Very easy, very simple, and completely transparent to the users :-)

#### "personal" branches

"personal" branches are great for corporate environments, where
unauthenticated pull/clone is a no-no.  Since a dev workstation cannot do
authentication, even work shared just between 2 devs has to go *via* the
server.  This causes the same branch name clutter as in a centralised VCS,
plus setting up permissions for this becomes a chore for the admin.

gitolite lets you define a "personal" or "scratch" namespace prefix for each
developer (e.g., `refs/personal/<devname>/*`).  Just add a line like:

        RW+ personal/USER/      =   @userlist

This means I (user "sitaram") can do anything to any branch whose name starts
with `personal/sitaram/` assuming I'm in "userlist".

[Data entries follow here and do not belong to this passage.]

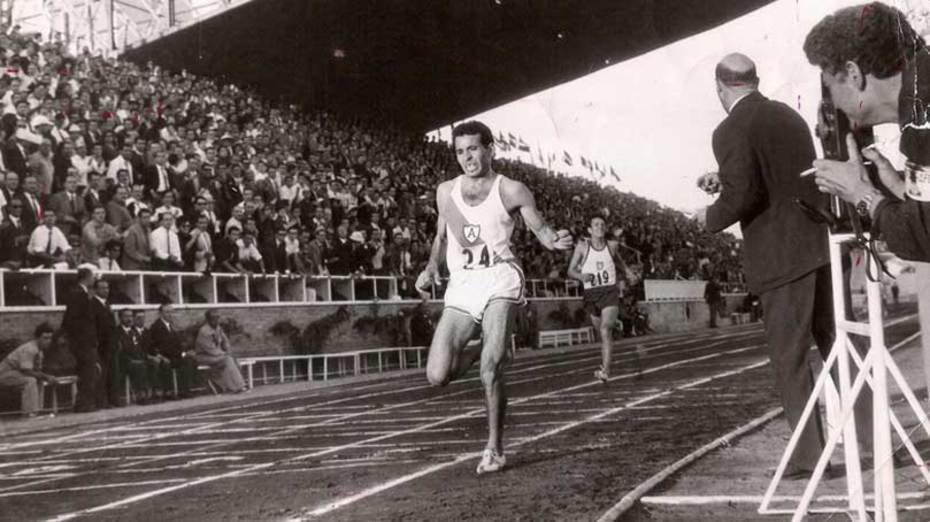En este momento estás viendo Homenajes: EL RECUERDO A OSVALDO SUÁREZ, EL GRAN ATLETA ARGENTINO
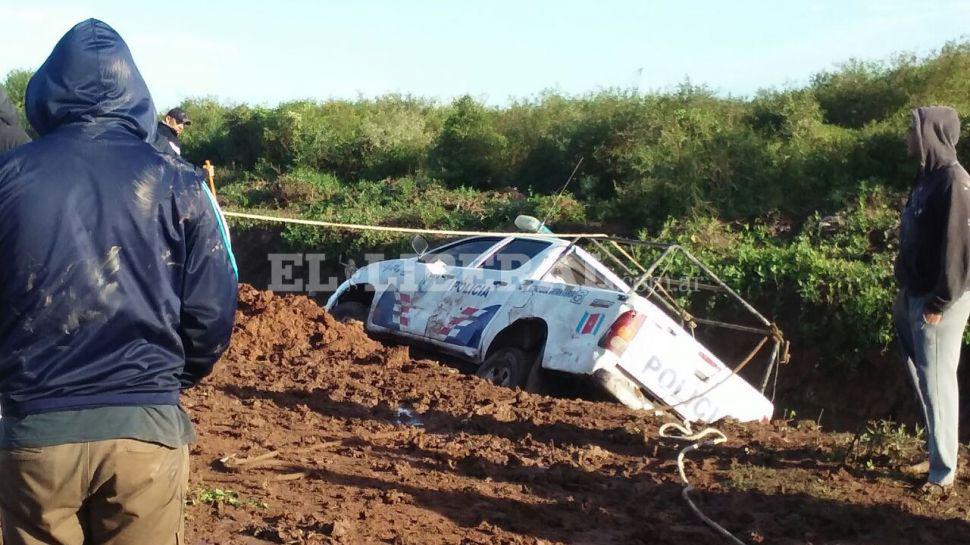 Perdioacute el control del moacutevil y terminoacute en un canal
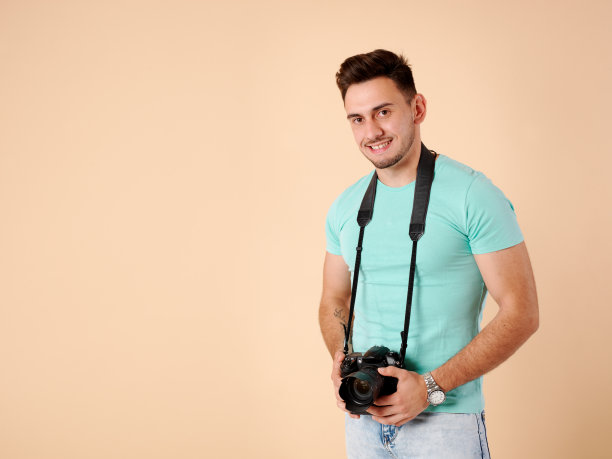 年轻的专业摄影师和他的相机和设备图片下载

You can have any number of such lines with different prefixes (for example,
using topic names instead of "personal") or even suffixes if you like.  The
important thing is that the "branch" name should contain `/USER/` (including
the slashes).  At runtime this will match whoever is the current user.  Access
is still determined by the right hand side of course.

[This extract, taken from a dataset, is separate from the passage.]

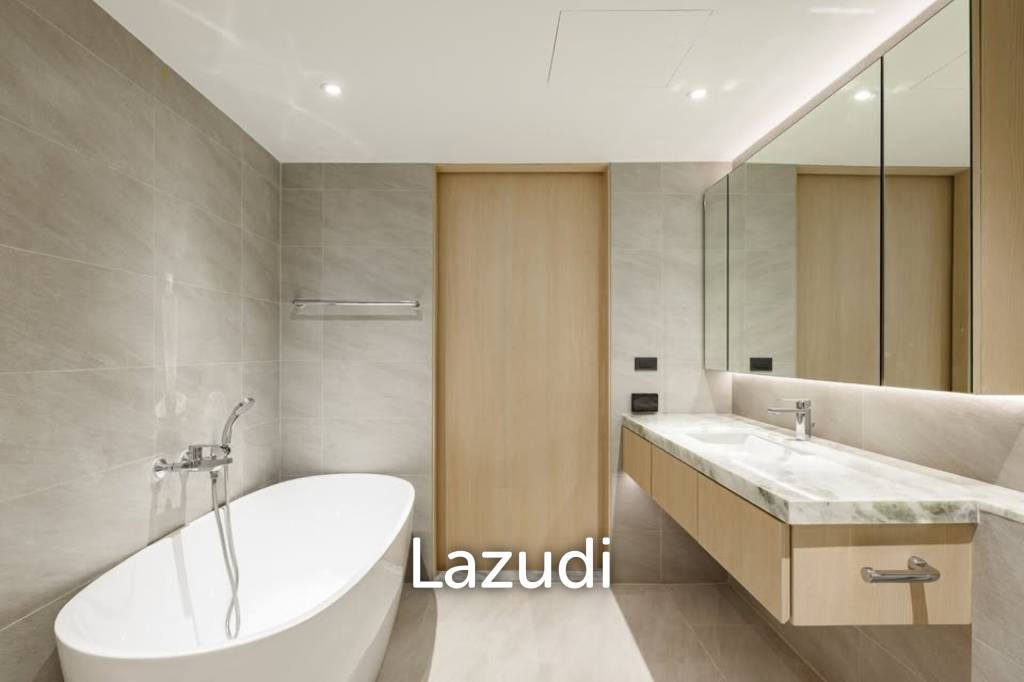 3 Bedroom 2 Bathroom 151 SQ.M. Jomtien Plaza Condotel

#### custom hooks and custom git config

You can specify hooks that you want to propagate to all repos, as well as
per-repo "gitconfig" settings.  Please see `doc/2-admin.mkd` and
`conf/example.conf` for details.

<a name="gitweb"></a>

### helping with gitweb

Although gitweb is a completely separate program, gitolite can do quite a
lot to help you manage gitweb access as well; once the initial setup is
complete, you can do it all from within the gitolite config file!

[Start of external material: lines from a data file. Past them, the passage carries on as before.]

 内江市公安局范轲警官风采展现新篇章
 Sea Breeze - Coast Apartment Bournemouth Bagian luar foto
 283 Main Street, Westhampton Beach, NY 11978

#### easier to specify gitweb "description" and gitweb/daemon access

To enable access to a repo via gitweb *and* create a "description" for it to
show up on the webpage, just add a line like this, anywhere in the config
file:

    reponame = "one line of description"

You can also specify an "owner":

    reponame "owner name" = "one line of description"

To enable access to one or more repos via git daemon, just give "read"
permissions to the special username `daemon`.

There is also a special user called `gitweb` to specify gitweb access; useful
if you don't care about specifying individual descriptions for each repo and
just want to quickly enable gitweb access to one or more repos.

Remember gitolite lets you specify the access control specs in bits and
pieces, so you can keep all the daemon/gitweb access in one place, even if
each repo has more specific branch-level access config specified elsewhere.
Here's an example, using really short reponames because I'm lazy:

    # maybe near the top of the file, for ease of access:

    @only_web       = r1 r2 r3
    @only_daemon    = r4 r5 r6
    @web_and_daemon = r7 r8 r9

    repo @only_web
        R   = gitweb
    repo @only_daemon
        R   = daemon
    repo @web_and_daemon
        R   = gitweb
        R   = daemon

    # ...maybe much later in the file:

    repo r1
        # normal developer access lists for r1 and its branches/tags in the
        # usual way

    repo r2
    # ...and so on...

<a name="gitwebauth"></a>

#### easier to link gitweb authorisation with gitolite

Over and above whether a repo is even *shown* by gitweb, you may want to
further restrict people, allowing them to view *only* those repos for which
they have been given read access by gitolite.

This requires that:

  * you have to have some sort of HTTP auth on your web server (out of my
    scope, sorry!)
  * the HTTP auth should use the same username (like "sitaram") as used in the
    gitolite config (for the corresponding user)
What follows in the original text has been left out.